Pakistan’s inflation measured by the consumer price index (CPI) has hit a 47-year high, accelerating to 27.3% in August 2022, the level last seen in May 1975. The full impact of massive flooding on the prices of food items and other commodities is yet to come.
“High food and fuel prices could prompt social protest and instability,” the IMF said, in an executive summary of the seventh and eighth reviews, released under the Extended Fund Facility (EFF).
The IMF Executive Board earlier this week approved the seventh and eighth review of the stalled $6 billion Pakistan programme, and two days later on Wednesday, the State Bank of Pakistan (SBP) received the much-needed $1.16 billion deposit.
The funds were received after Pakistan caved to several demands of the IMF for fiscal tightening. The Fund has also asked the country to ensure several measures after receiving the loan.
The report said that risks to the outlook and programme implementation remain high and tilted to the downside given the very complex domestic and external environment.
It said that the spillovers from the war in Ukraine through high food and fuel prices, and tighter global financial conditions will continue to weigh on Pakistan’s economy, pressuring the exchange rate and external stability.
The report further said that policy slippages remain a risk, as evident in FY22, amplified by weak capacity and powerful vested interests, with the timing of elections uncertain given the complex political setting.
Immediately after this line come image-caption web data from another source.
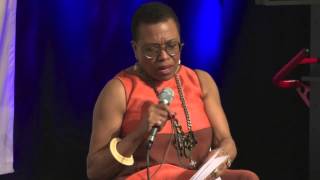 Intl Jazz Day 2014: Dee Dee Bridgewater: Jazz & Human Rights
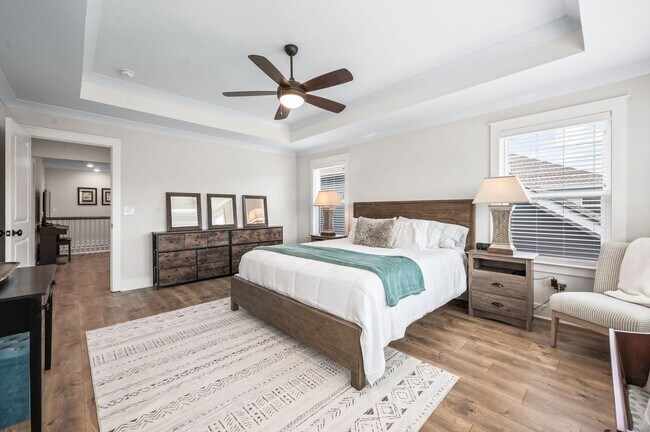 Building Photo - 4BR, 3.5BA home - Williamson County’s most...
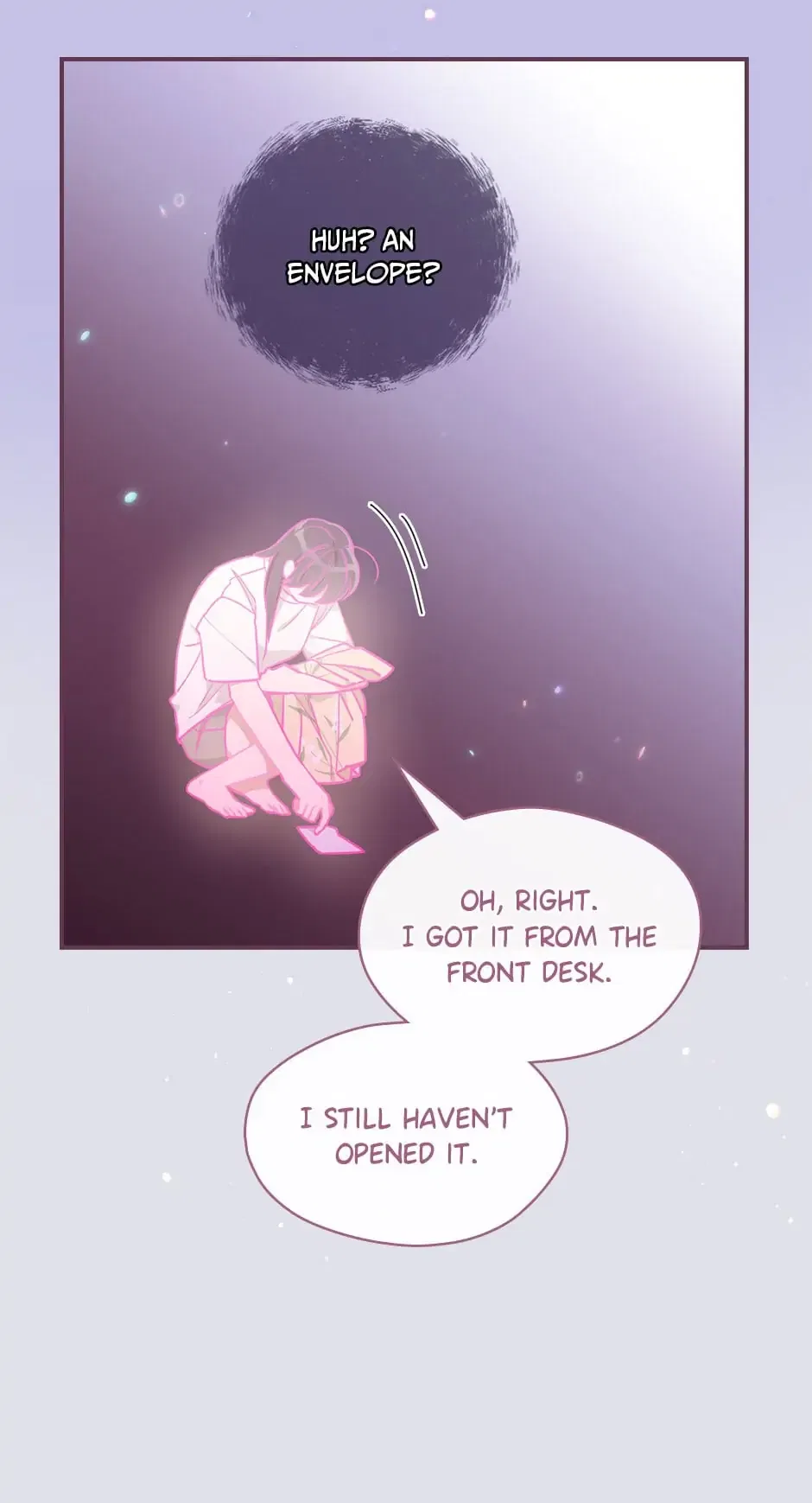 Spring’s Espresso Chapter 56 – Page 29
Apart from the risks of protests, socio-political pressures are expected to remain high and could also weigh on policy and reform implementation, especially given the tenuous political coalition and their slim majority in Parliament, the report said.
“All this could affect policy decisions and undermine the program’s fiscal adjustment strategy, jeopardising macro-financial and external stability and debt sustainability,” it said.
Moreover, elevated near-term domestic financing needs may overstretch the financial sector’s absorption capacity and cause market disruption.
The IMF said substantial risks stem from higher interest rates, a larger-than-expected growth slowdown, pressures on the exchange rate, renewed policy reversals, weaker medium-term growth, and contingent liabilities related to state-owned enterprises (SOEs).
“Further delays on structural reforms, especially those related to the financial sector (resolving undercapitalised banks and winding down SBPs involvement in the refinancing schemes), could hamper financial sector stability and reduce the effectiveness of the monetary policy. Finally, climate change risks are mounting, including a tendency for more frequent climate-related disasters.”